Petrus: KPK Ambivalen dalam Kasus Korupsi Proyek Meikarta

oleh -
Petrus Selestinus, Koordinator PAP-KPK dan advokat Peradi. (Foto: Ist)

Jakarta, JENDELANASIONAL.ID — Komisi Pemberantasan Korupsi (KPK) wajib memberikan  perlindungan kepada setiap saksi yang dipanggil atau selama seseorang menjadi Saksi dalam penyidikan dan penuntutan perkara yang sedang ditangani oleh KPK. Kewajiban melindungi Saksi itu konsekuensi dari asas menjunjung tinggi HAM sebagaimana diatur di dalam pasal 15 UU KPK jo. pasal 5 ayat (1) huruf j KUHAP jo. pasal 10 UU PSK.

Praktek peradilan pidana kita, seorang Saksi sering mendapat ancaman, terutama ancaman terhadap rasa aman.

“Ancaman terhadap Saksi tidak hanya dilakukan oleh pihak luar tetapi juga kadang-kadang ancaman terhadap rasa nyaman Saksi juga dilakukan oleh KPK sendiri, melalui narasi atau statemen pimpinan KPK di media yang secara langsung tidak langsung menempatkan Saksi seolah-olah identik dengan Tersangka dan akan dijemput paksa dll. sebagaimana dilakukan oleh KPK terhadap Saksi James Riyadi,” ujar Petrus Selestinus, Mantan Komisioner KPKPN dan Advokat Peradi, melalui pernyataan pers di Jakarta, Sabtu (14/12).

Menurut Petrus, dalam kasus dugaan korupsi, beberapa Saksi sering mendapat perlakuan tidak layak dan patut dari KPK, sehingga membuat Saksi kehilangan kenyamanan.

Beberapa pimpinan KPK termasuk Kepala Divisi Humas KPK Febri Diansyah sering membuat narasi yang seram dan sangat mengganggu kenyamanan Saksi.

“Disini KPK beritikad tidak baik, sehingga patut diduga KPK sedang menciptakan posisi offside bagi Saksi untuk tujuan tertentu,” ujar Petrus.

Dalam kasus dugaan korupsi proyek Meikarta, KPK, kata Petrus, bersikap ambivalen.

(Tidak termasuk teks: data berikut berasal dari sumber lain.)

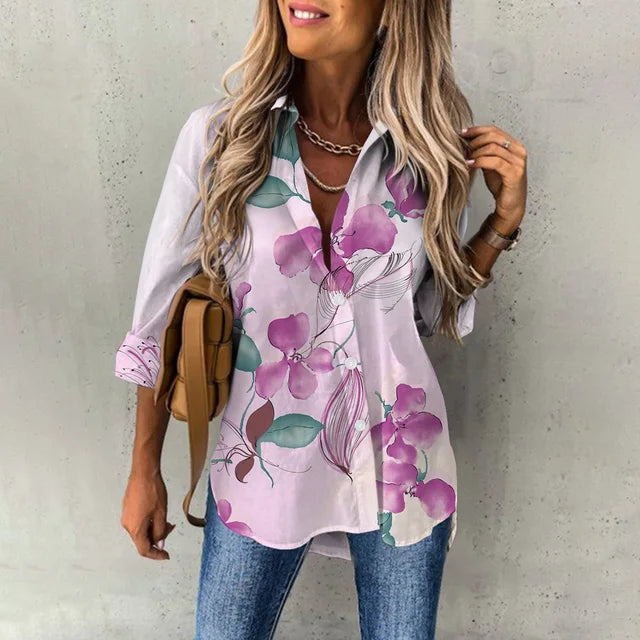 Melina® | Casual, Loose Long-Sleeved Blouse With A Floral Pattern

KPK misalnya menerima adanya laporan seorang Saksi Edi Soes dalam kasus dugaan suap pengurusan izin proyek pembangunan Meikarta yang merasa terancam karena dilaporkan oleh tersangka BTO kepada pihak kepolisian. Akibatnya Saksi yang bersangkutan mengajukan permohonan perlindungan Saksi kepada KPK karena merasa terancam dilaporkan ke kepolisian oleh tersangka BTO.

“Anehnya permohonan perlindungan Saksi tersebut, direspons KPK dengan mengakomodir permohonan perlindungan saksi tersebut dengan mengacu pada Undang-Undang (UU) tentang Perlindungan Saksi dan Korban, yang menjamin bahwa saksi tidak dapat dituntut secara pidana ataupun perdata. Bayangkan laporan masyarakat kepada Polri oleh KPK diakomodir sebagai sebuah ancaman yang menghalangi kewajiban menjadi Saksi,” kata Petrus.

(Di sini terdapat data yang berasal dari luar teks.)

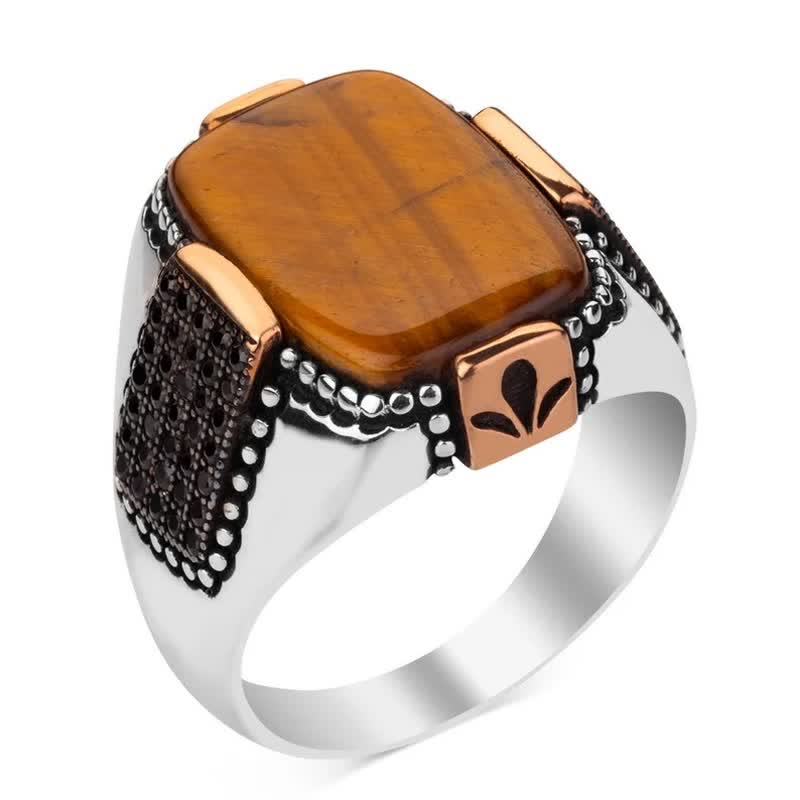 Olivenorma Square Tiger Eye Men's Broad Brim Ring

Sedangkan untuk Saksi James Riyadi yang absen pada panggilan sebagai Saksi pada pemeriksaan tahap berikutnya, KPK langsung mengancam akan menggunakan upaya paksa atau menjemput paksa James Riyadi, karena ketidakhadirannya menjadi Saksi bagi Tersangak BTO.

“Ini juga tindakan yang melanggar hukum karena sikap KPK telah menakut-nakuti James Riyadi, meskipun James Riyadi bisa saja tidak takut,” ujar Petrus.

KPK, kata Petrus, menerapkan standar ganda, dimana terkait kedudukan Saksi Edi Soes, KPK memberikan perlindungan dengan narasi yang sejuk di media, bahwa Saksi Edi Soes tidak dapat dituntut secara perdata dan pidana akibat kesaksiannya, sementara Saksi James Riyadi baru mangkir sekali langsung diancam KPK akan dilakukan upaya jemput paksa.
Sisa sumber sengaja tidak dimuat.